A classic mistake that companies make when it comes to sending push notifications is delivering messages in a single batch. Your customers may be subscribing from all sorts of different countries and time zones, meaning your notifications might be arriving when people are asleep!

According to research, evenings get the best click-through rate, in particular between 5-7pm. Additionally, Wednesdays tend to get the best engagement with an average CTR of 6.21%.

Web push messaging tools like OneSignal allow you to segment your subscribers by country. Therefore, segment your audiences based on their time-zones and schedule your web push notifications for optimal engagement.

One thing to keep in mind is that every brand has a unique audience. Therefore, if you want to get more sophisticated with your timings, log on to your Google Analytics account and pinpoint when people (by country) are most active on your site. You can use these insights to then properly time your alerts based on customer behaviour. Watch your click-through rates soar!

The frequency of web push notifications

Like a lot of marketing, over-communicating can often lead to undesirable results. In the case of push notifications, if you’re inundating your subscribers with alerts, they might be tempted unsubscribe.

Be mindful of the volume of push notifications you’re sending out.
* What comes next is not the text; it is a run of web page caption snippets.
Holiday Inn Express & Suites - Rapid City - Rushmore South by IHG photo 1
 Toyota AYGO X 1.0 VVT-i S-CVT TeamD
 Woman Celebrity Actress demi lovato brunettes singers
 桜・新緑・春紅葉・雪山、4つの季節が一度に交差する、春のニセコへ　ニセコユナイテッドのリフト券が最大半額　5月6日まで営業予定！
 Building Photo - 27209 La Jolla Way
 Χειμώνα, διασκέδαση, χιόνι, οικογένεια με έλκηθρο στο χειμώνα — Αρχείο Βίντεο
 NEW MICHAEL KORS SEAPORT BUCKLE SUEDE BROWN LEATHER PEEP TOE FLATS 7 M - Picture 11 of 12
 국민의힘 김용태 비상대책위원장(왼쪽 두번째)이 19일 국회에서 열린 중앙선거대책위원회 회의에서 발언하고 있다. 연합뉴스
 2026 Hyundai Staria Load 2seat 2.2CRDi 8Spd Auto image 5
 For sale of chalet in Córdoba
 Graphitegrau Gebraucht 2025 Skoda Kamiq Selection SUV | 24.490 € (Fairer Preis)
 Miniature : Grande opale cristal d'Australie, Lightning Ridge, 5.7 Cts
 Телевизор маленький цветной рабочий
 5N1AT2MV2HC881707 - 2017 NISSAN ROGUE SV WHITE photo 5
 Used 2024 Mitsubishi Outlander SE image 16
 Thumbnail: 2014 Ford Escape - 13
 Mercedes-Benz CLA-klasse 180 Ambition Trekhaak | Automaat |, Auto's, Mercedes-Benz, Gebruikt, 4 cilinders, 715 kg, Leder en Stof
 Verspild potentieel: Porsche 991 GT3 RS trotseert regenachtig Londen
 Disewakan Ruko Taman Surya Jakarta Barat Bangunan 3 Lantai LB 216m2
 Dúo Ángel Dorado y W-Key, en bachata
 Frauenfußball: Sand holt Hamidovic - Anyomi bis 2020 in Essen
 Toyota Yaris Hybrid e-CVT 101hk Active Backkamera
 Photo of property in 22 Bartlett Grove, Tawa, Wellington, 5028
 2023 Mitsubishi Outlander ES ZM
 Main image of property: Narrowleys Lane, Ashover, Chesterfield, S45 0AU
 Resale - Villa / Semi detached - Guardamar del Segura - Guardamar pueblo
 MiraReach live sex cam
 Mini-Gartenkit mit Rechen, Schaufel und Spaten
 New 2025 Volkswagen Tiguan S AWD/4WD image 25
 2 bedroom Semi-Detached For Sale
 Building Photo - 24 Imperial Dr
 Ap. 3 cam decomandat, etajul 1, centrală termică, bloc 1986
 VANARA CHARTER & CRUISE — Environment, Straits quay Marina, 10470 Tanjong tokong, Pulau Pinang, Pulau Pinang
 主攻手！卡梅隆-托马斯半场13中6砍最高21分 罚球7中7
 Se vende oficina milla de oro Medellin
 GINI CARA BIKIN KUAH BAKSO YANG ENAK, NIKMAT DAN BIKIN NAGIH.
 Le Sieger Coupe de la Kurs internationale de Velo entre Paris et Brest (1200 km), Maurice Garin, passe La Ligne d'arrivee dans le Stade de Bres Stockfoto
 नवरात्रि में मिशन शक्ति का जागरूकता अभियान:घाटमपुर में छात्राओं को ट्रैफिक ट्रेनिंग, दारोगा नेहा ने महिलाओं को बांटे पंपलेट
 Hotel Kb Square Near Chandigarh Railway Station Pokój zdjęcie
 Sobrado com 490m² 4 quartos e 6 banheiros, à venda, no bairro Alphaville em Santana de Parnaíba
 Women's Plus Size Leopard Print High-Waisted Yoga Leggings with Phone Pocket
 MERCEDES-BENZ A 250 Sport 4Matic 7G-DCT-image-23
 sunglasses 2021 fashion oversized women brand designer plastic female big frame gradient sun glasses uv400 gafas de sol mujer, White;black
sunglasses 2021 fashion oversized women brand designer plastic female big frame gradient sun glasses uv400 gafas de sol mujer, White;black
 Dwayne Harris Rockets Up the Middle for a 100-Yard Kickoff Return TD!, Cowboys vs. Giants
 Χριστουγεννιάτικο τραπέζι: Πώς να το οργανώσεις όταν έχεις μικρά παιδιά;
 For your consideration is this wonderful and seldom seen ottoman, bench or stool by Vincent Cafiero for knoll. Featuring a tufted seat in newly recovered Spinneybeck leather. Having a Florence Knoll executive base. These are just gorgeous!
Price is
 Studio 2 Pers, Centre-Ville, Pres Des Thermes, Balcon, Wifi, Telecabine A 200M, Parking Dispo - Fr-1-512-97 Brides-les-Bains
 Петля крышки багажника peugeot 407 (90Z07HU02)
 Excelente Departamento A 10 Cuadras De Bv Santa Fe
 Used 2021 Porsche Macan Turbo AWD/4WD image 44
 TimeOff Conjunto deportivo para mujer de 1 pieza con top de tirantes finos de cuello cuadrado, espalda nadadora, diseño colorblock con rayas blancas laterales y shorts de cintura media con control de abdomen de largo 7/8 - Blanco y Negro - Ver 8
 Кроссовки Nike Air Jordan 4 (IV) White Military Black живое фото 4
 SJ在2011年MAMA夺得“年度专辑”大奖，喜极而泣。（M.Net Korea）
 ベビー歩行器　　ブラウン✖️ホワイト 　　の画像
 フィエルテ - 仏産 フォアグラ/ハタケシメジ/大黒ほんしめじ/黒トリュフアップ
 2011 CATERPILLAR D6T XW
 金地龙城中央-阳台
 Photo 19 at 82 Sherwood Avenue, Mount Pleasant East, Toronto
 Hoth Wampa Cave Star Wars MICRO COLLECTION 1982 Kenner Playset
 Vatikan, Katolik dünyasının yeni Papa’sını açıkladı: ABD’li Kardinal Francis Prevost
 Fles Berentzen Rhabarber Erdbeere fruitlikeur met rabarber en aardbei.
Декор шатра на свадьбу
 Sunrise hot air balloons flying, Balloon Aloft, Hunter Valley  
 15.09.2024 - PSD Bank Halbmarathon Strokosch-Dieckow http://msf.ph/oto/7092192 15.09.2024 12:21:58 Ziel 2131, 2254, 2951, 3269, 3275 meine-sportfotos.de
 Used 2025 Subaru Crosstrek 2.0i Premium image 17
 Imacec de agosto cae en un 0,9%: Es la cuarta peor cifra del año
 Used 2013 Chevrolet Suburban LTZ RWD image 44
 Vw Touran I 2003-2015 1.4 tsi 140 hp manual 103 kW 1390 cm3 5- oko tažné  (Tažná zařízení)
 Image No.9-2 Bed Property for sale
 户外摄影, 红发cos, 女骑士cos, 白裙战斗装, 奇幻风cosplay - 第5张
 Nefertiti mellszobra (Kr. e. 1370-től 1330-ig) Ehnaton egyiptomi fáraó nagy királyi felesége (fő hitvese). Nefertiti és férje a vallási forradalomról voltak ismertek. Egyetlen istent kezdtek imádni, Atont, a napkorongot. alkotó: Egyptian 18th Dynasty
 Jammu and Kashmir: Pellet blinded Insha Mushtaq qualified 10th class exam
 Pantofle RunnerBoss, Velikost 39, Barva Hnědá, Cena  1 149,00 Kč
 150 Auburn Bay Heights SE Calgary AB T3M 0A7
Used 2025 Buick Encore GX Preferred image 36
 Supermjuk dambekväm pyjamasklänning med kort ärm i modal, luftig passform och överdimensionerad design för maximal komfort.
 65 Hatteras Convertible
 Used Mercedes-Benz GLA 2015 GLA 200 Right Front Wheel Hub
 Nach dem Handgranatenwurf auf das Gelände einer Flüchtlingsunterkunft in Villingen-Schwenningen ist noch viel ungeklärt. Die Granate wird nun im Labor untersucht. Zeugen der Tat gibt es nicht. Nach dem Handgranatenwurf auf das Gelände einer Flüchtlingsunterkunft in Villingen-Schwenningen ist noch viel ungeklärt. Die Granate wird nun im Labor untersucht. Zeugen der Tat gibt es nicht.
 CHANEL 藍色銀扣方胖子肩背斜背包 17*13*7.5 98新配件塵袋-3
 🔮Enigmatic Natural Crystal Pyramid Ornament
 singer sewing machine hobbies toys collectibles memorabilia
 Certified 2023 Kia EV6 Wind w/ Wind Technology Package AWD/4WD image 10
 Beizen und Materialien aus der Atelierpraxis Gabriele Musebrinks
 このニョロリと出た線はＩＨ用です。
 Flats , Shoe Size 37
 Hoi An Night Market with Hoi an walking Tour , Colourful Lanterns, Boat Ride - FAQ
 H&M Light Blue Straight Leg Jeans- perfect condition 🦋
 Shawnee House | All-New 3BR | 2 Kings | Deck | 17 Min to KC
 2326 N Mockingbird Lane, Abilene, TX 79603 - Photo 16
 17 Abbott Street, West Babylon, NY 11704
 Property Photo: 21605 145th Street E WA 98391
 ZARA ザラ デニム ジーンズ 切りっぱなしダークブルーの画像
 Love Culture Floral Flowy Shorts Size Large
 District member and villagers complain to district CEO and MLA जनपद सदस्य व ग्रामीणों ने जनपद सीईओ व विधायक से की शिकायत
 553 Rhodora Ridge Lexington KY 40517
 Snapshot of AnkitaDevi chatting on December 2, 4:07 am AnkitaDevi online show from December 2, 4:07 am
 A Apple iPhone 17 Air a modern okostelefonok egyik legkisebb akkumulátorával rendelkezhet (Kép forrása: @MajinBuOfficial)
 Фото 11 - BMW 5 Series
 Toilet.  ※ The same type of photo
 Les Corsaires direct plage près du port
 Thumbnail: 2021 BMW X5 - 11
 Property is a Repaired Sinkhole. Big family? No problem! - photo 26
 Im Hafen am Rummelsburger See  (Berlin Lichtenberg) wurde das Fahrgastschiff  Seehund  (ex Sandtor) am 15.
Web push notifications are a relatively new technology and there isn’t a lot of data out there in regards to engagement, but unless you’re a news site, for most brands one alert per day is probably more than enough.

Personalising your web push notifications

Another important aspect of marketing is the relevancy of content. The more relevant the content is, the more likely customers will engage. Fortunately, web push notifications allow for personalisation to deliver more relevant content!

If your web push notification service is integrated with your site, you can collect and use data to segment and deliver highly targeted notifications. For instance, if you’re a fashion brand with an eCommerce website, rather than sending all your subscribers an alert about Men’s Shoes, you can use web push notifications to target just the male portion of your database for a better engagement rate!

Another example of web push notifications includes remarketing products to customers that haven’t completed their order. With the right platform and proper integration, you can send out web push notification reminders such as abandoned cart reminders, product recommendations or even welcome drip campaigns.


Web push notifications are a relatively new technology and very few brands have implemented them into their digital marketing strategy. This provides an excellent opportunity for your brand to get a competitive edge over your rivals!

A well-targeted web push notification channel can lead to a boost in site traffic and conversions.

In fact, a study by Localytics into mobile apps showed that (app) push notifications increased user retention by 26% after 90 days.

There isn’t much in the way of web push notification data, because the format is so new, but because both web and app push notifications work in similar ways, there is strong belief that web push notifications can benefit sites in a similar way.

Has your site adopted web push notifications? If so, how are you currently using them? Alternatively, if you haven’t implemented this alert service, what has stopped you from doing so?